From the enigma of Easter Island to the famines that struck India in the 19th century, the past is throwing up vital pointers for scientists poring over how to combat looming climate change.
Rising global temperatures this century will stress almost every agricultural region of the world, according to the latest report by the UN's Intergovernmental Panel on Climate Change (IPCC). But for poor tropical nations, the risk is the greatest by far. For them, malnutrition caused by prolonged spells of drought and flooding looms as a distant but serious worry.
Experts pondering how to tackle the threat are delving into history, exploring how civilisations of the past, facing similar perils, either coped or were wiped out.
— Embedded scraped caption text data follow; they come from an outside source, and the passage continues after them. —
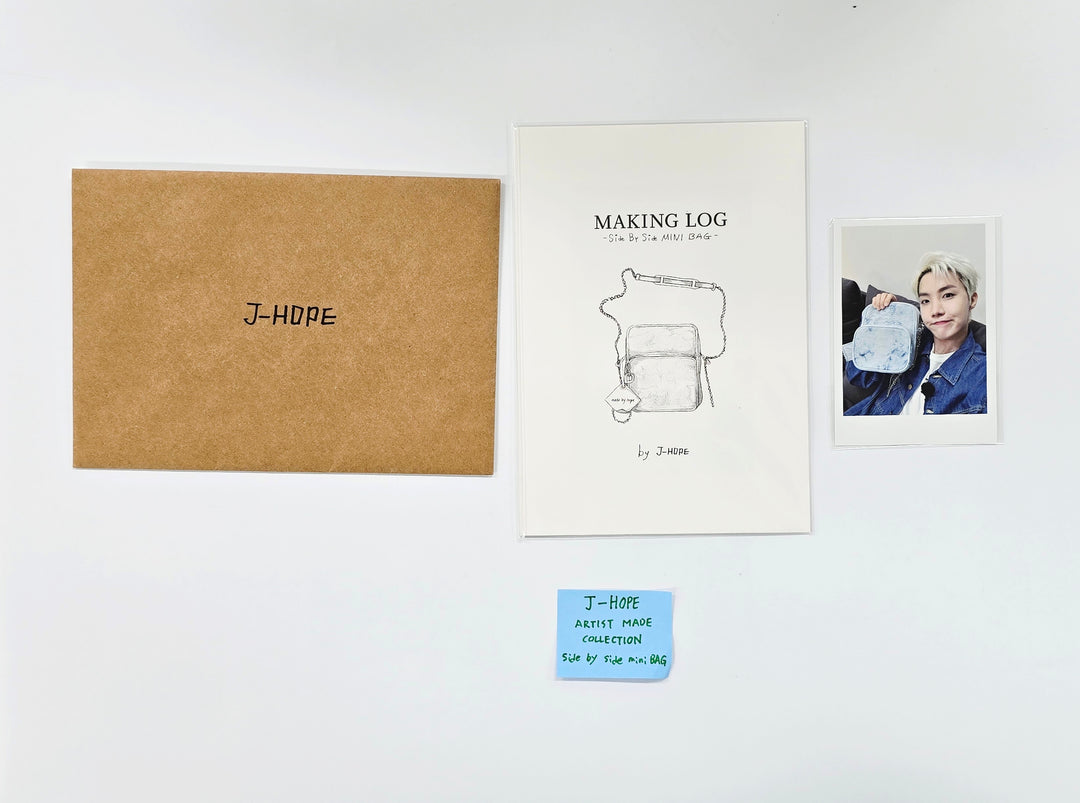 J-HOPE (of BTS) - ARTIST-MADE COLLECTION Mini BAG [26.04.03]
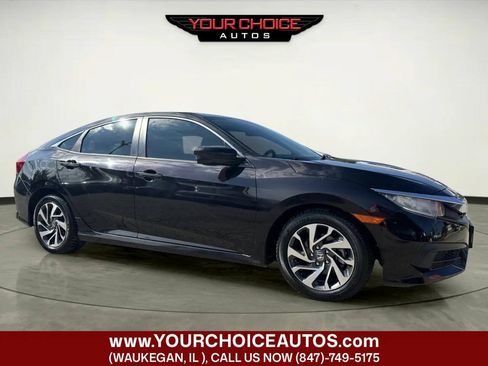 Used 2016 Honda Civic EX image 7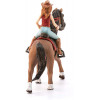 Figurine cavalière Hannah Horse Club - Schleich 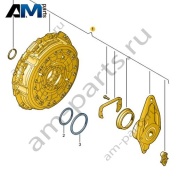 Ремонтный комплект двойной фрикционной муфты VAG 0AM198140N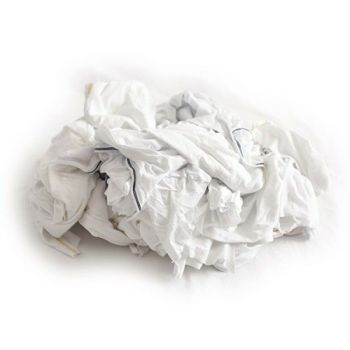 Rag Cotton Over 90% Sterilized, White, Make:Boulder, IMPA:232905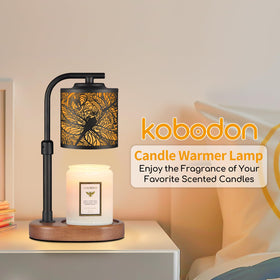 Kobodon candle warmer lamp adds a stylish decor touch to any room.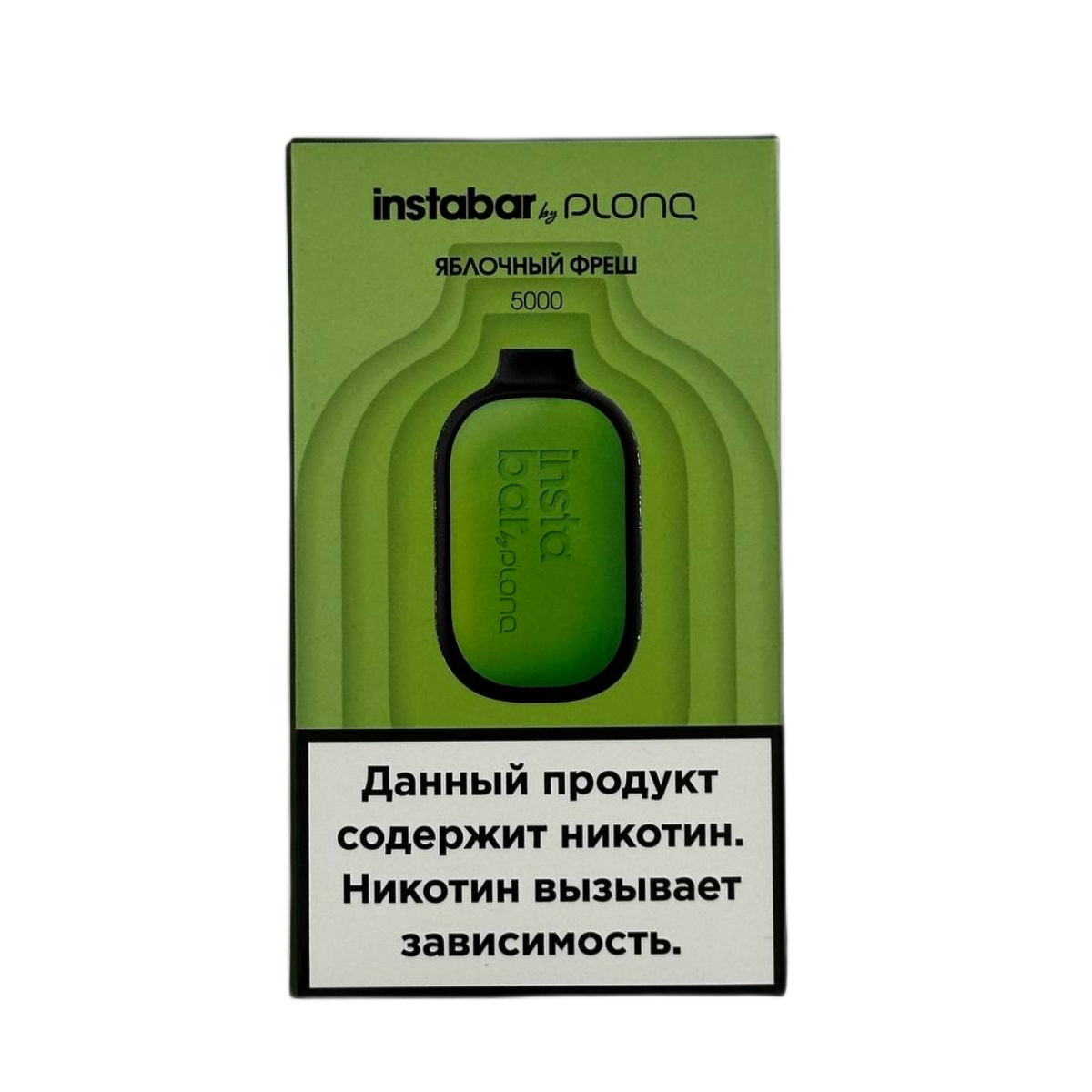 PLONQ INSTABAR 5000 Яблочный фреш 2%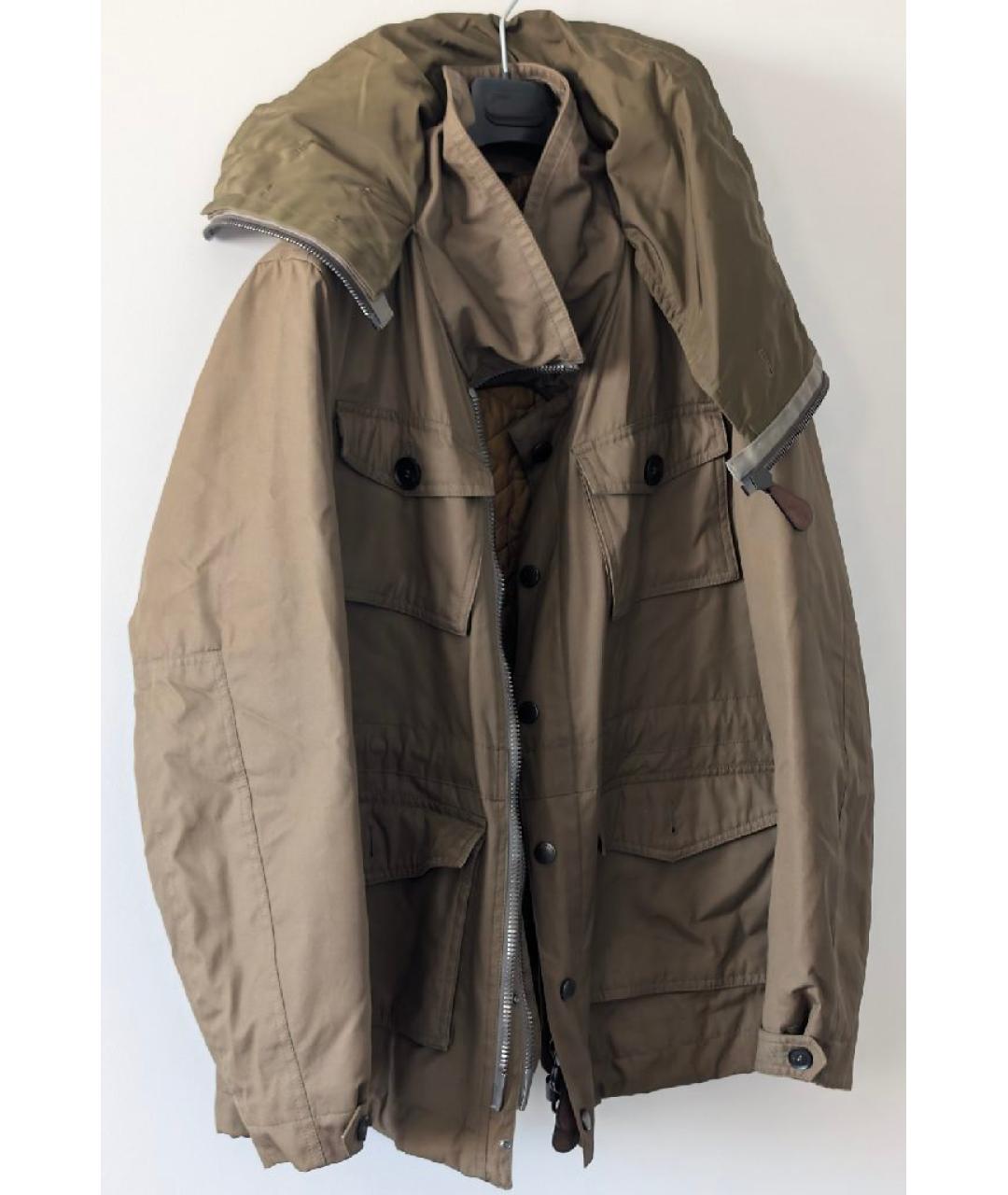 BURBERRY Коричневая парка, фото 3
US academic Jared Diamond, author of "Collapse: How Societies Choose to Fail or Succeed," says "ecocide" -- ecological suicide -- plays a greatly under-estimated role in the fall of societies. He gives the example of Easter Island, the isolated speck of land in the Pacific Ocean, which once had a population estimated to be as high as 20,000.
Its civilisation expired in the 18th century in a bloody sunset of internecine warfare and cannibalism after the trees which provided fuel and timber were all cut down.
Prolonged drought wiped out the advanced Mayan civilisation at Tikal, in modern-day Mexico, around a thousand years ago. And in the 15th century, the last Viking settlement in Greenland petered out, a victim of the "Little Ice Age" that brought bitter chill to northern latitudes after several balmy centuries.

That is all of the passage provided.